El hombre de las tres letras 19 May 2023

Pascal Quignard, senderos para perderse

Revista Ñ | Juan F. Comperatore

El hombre de las tres letras es la novela más reciente del reconocido escritor.

 

A veces un umbral supone un cambio de frecuencia, en la medida en que franquearlo implica dejar atrás una geografía conocida y abrirse paso a otra por conocer. Una claridad de pronto atisbada en el ojo o el tímpano lo anuncia, y el desgarro en el tejido de la realidad o su evasión, lo refrenda. Seguir el copioso y disperso trazo de Pascal Quignard permite acceder a una experiencia semejante. Ingresar en su obra (en su orbe) equivale a atravesar un umbral donde se trastocan las coordenadas.

Cada uno de sus libros –de una consistencia inestable, anterior a la repartición en géneros– propone un movimiento de lectura de constante circularidad en torno de un cauce melódico principal sin que por ello se origine una sensación de centro a la manera de la tónica. Por lo general, el lector advierte que hay un motivo que liga la frágil costura de los fragmentos –por más renuente a la cristalización, abierto y oscilante que sea– gracias a que el mismo Quignard se encarga de postularlo, aunque no sea más que para diferirlo, eludirlo, bifurcarlo.

El undécimo volumen de esa empresa singular que es Último Reino –verdadero tour de force a contrapelo de la época– lleva por título El hombre de las tres letras y su tema, por así decir, es la literatura.

Quien dice la literatura dice la vida, porque por más que uno se empeñe con ahínco en separarlas una siempre se cuela en la otra. Y si Quignard restó su presencia de la participación pública, del consabido intercambio de miradas, agasajos y favores; si en su momento abandonó una carrera de concertista (fue violonchelista, eximio connoisseur del periodo barroco) y renunció al comité de lectura de Gallimard, no fue debido a un parco tránsito hacia la muerte, sino a fin de preservar el pálpito último del deseo. La vida, dirá el autor de Todas las mañanas del mundo, está en otra parte.

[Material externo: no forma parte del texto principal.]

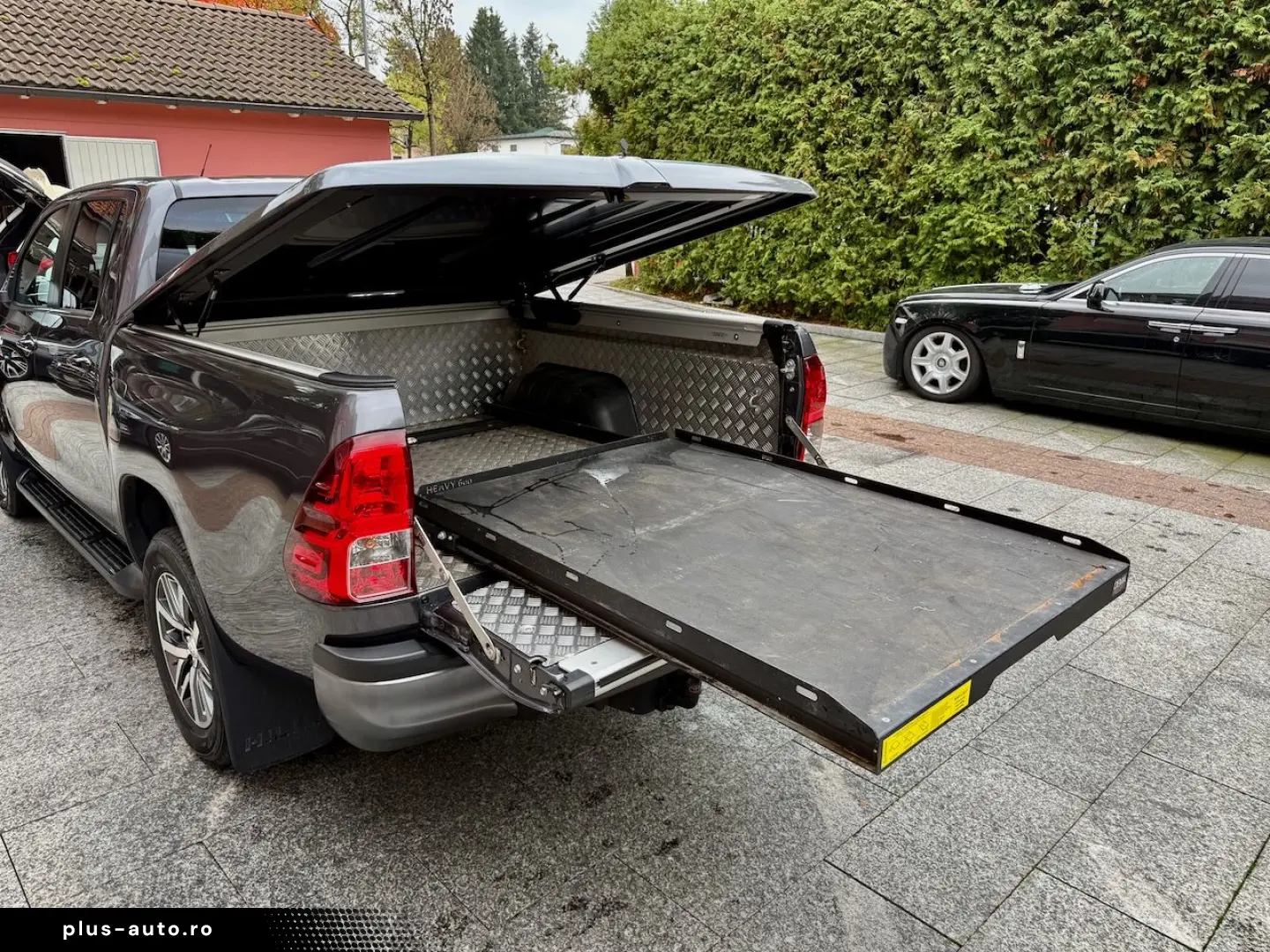 Hilux 2.4 D-4D 4x4 DoKa Executive Automata Tapiserie Piele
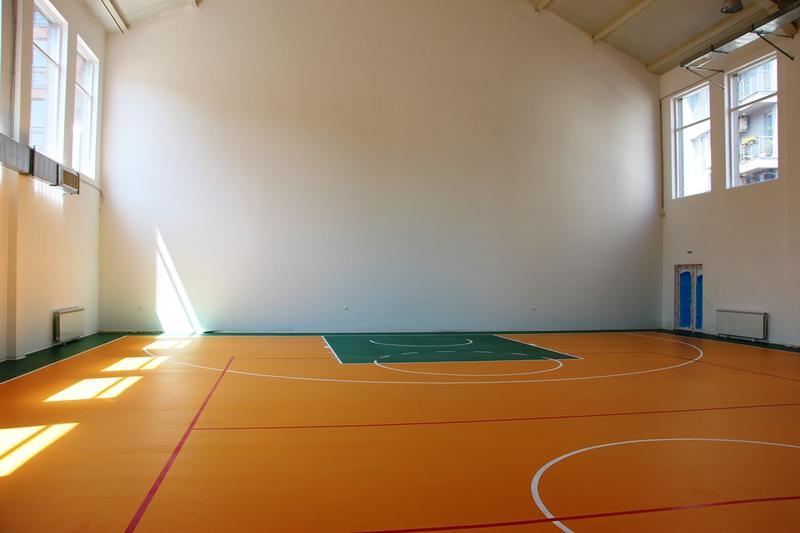 С близо 9 млн. лв. Бургас обновява шест професионални гимназии - 1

De esa reclusión nace el murmullo de su escritura. Y el silencio constituye su horizonte. Porque escribir, como apuntó en El nombre en la punta de la lengua, es “la única manera de hablar callándose”.

A medida que desanda abstrusas fuentes cubiertas por el polvo del tiempo, que traduce con paciencia la voz sepulta del pasado (“traducir”, escribió, “es ayudar a hablar al muerto”); a medida que quiebra la prosa y se permite una escapada lírica, la figura del lector se recorta como un ladrón furtivo que roba la lengua del otro (Fur es su perífrasis latina de tres letras). La literatura, así, se presenta sin origen propio, la escritura (que roba el grito a la lengua) como el descubrimiento más significativo de la humanidad (y no el fuego), y el libro como portal de acceso a un jardín antes vedado. Pa sos que fundan la vida secreta del solitario. Ascesis del mundanal ruido.

Para alguien que dedicó (en rigor dedica) gran parte de su vida a pregonar su propio retiro de la res pública, no dejan de resultar sugerentes aquellos pasajes en que permite el acceso, aunque sea sesgado, a su intimidad. Porque desbrozando siglos y siglos de conocimiento, de filósofos, músicos y literatos, de citas y de fábulas, asoma la silueta en escorzo del propio Quignard, quien da cuenta de la fruición que experimenta al separar las páginas de un antiguo libro intonso, del gozo que producen en él las horas de mayor silencio previas al amanecer (“el tiempo antes del tiempo”), la predilección por el carácter romano garamond y el asombro ante el color verde o el olor de antaño que mana al recoger hongos. Son momentos de remanso, que se cierran apenas se abren para volver a perseguir una aproximación más oblicua. La vuelta al sendero a ninguna parte.

Si algo ofrece Pascal Quignard es la posibilidad de perderse en esos tanteos. Ejercicios paradójicos que avanzan y retroceden sin dirección cierta, y que rozan en sus vaivenes un intuitivo centro incandescente, tan próximo como lejano a una sensación verdadera. Porque, como dijo en alguna ocasión, “el verdadero designio no es acceder a una improbable realidad, sino quemarse lo más cerca de la luz”.